Japanese art in Brussels – the back side of the sun.

taroJapan unusual and unknown: abstract paintings from Japan currently exhibited in Bozar under the title “A Feverish Era in Japanese Art – Expressionism in the 50’s and 60’s”.

These really impressive large paintings show us a completely unknown mosaic piece of Japanese art : abstract paintings. You also discover the experiments with materials like wood or coton as well as with structures like at “work 139” (1963) by Iwata (Kyoto).

The work at the back of the exhibition reminds immediately of Jackson Pollock, but in reality “work 58” is painted by the Japanese artist Imai (Kyoto). Nevertheless, sometimes technique like ink on paper or motifs like the big red sun in “Farewell time” by Fudo reminds of the origin of the artists.

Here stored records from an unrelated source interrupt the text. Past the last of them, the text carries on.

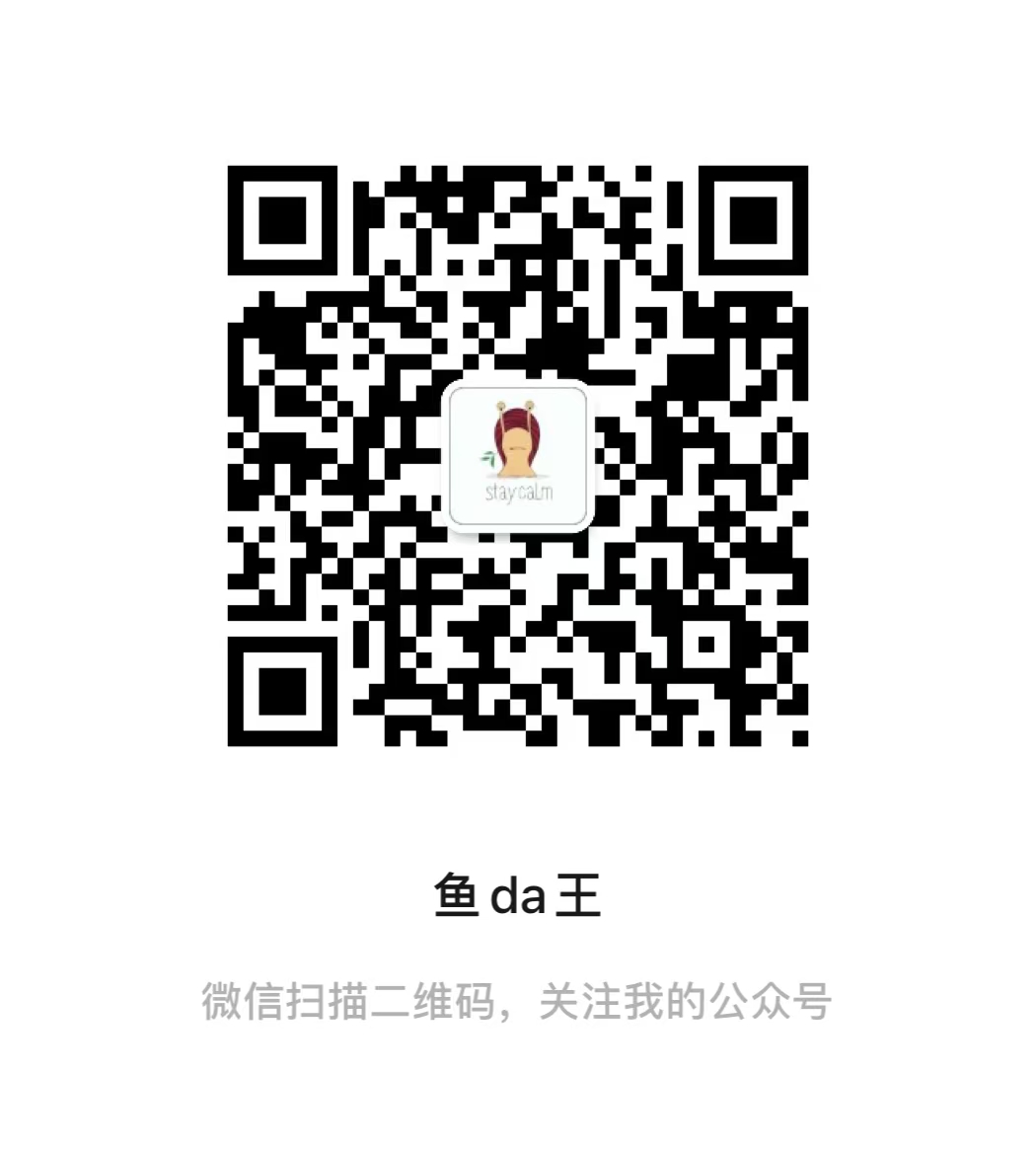 鱼da王-公众号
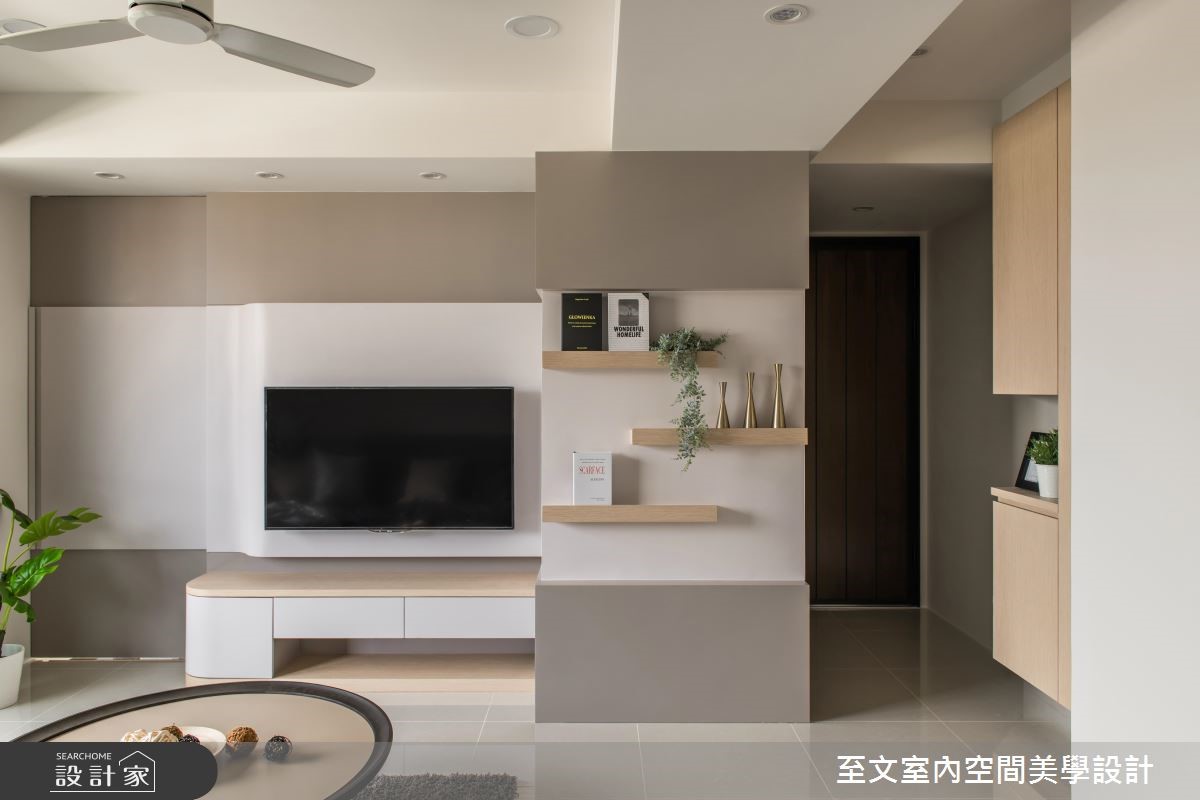 19 坪簡約風居家,屋主夫妻均為上班族,因增加家庭成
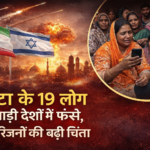 Iran-Israel-tensions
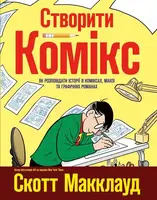 Створити комікс. Як розповідати історії в коміксах, манзі та графічних романах - 1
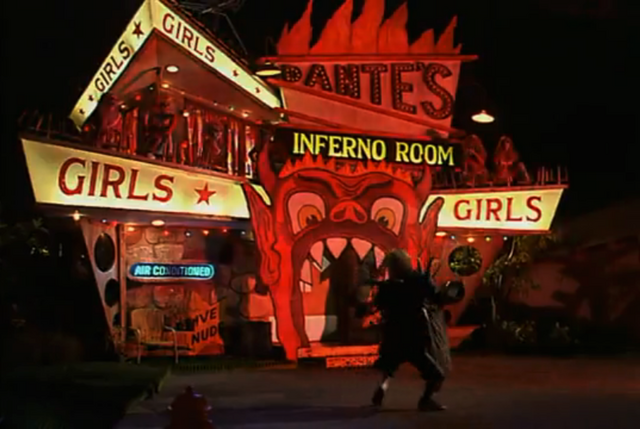File:Dantesinfernoroom.png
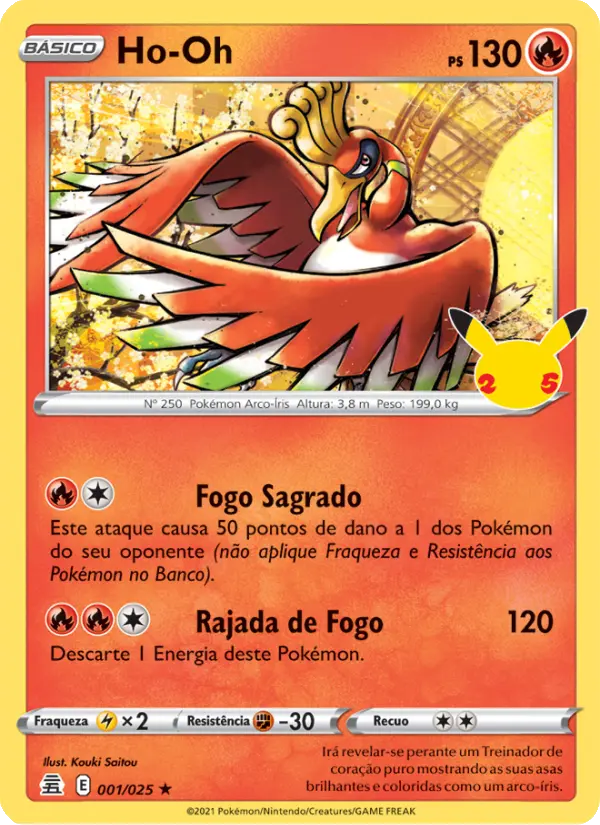 Ho-Oh 1/25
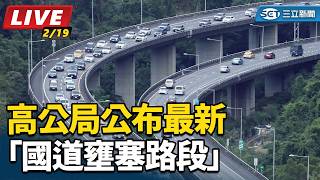 高公局公布最新「國道壅塞路段」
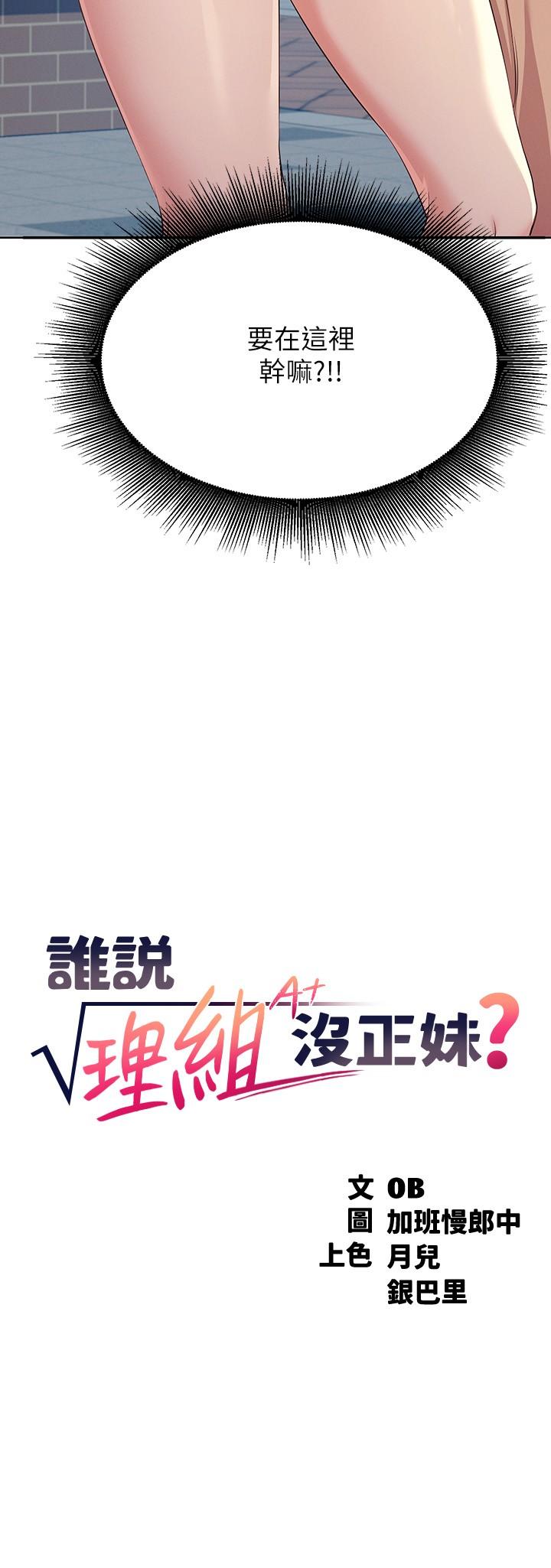 第4话-户外让我更兴奋了-谁说理组没正妹？-OB,加班慢郎中（第3张）
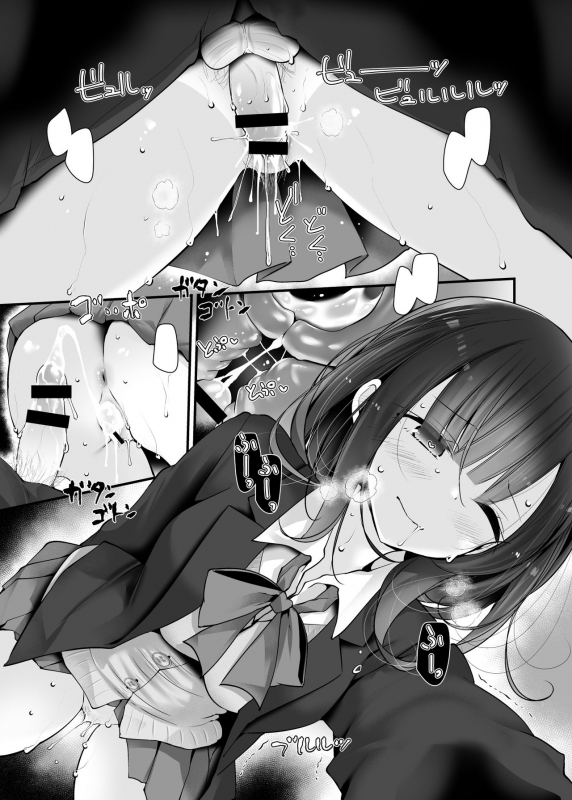[Usotsukiya (Oouso)] Tsuukin Douchuu de Anoko ga Midara na Koui o Shite Kuru Hanashi 2 [Digital]_17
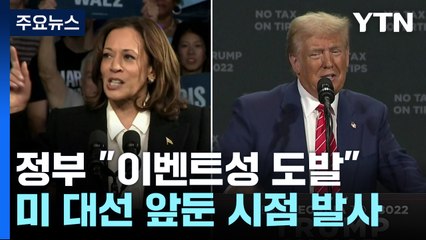 "미국 향한 이벤트성 도발"...김정은 "핵 강화 불변" / YTN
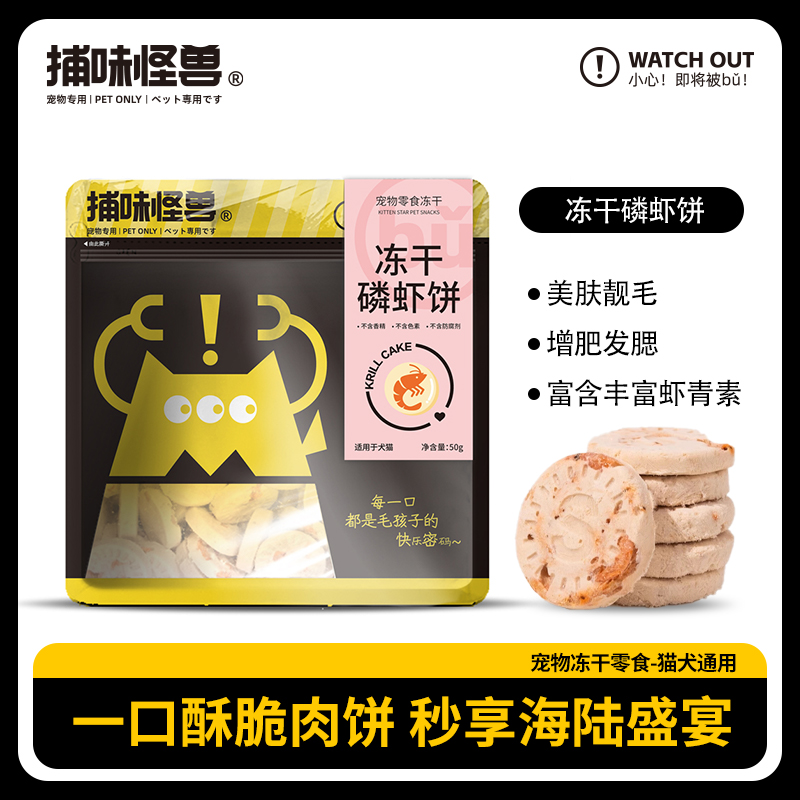 捕味怪兽冻干磷虾饼猫零食猫饼干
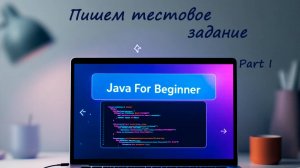Пишем тестовое задание от реального работодателя для новичков! Часть 1 (начало).Встреча от 06.04.25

In the last room, a “Farbenrausch” in red, black, yellow: “Men aflame” by Taro Okamoto (1965) combined with works by Yamamoto or Asada.

After the war occurred a cultural exchange between Japan and the West. The French art critic Michel Tapié introduced “art informel” paintings from the West (eg Karel Appel) to the Japanese artistic community. On the other hand the Japanese paintings were shown in Europe and the USA and had a signifincant influence on the Western artists (eg in the 60s Flux movement where the idea of the art work is central).

The Gutai Group was the first post war artistic group in Japan rejecting traditional art styles. It was founded 1954 by the Japanese painter Jiro Yoshihara in Osaka. The group which shared a gallery in Osaka, claimed freedom of expression with innovative materials and techniques. They worked together 18 years until the death of its founder Yoshihara in 1972.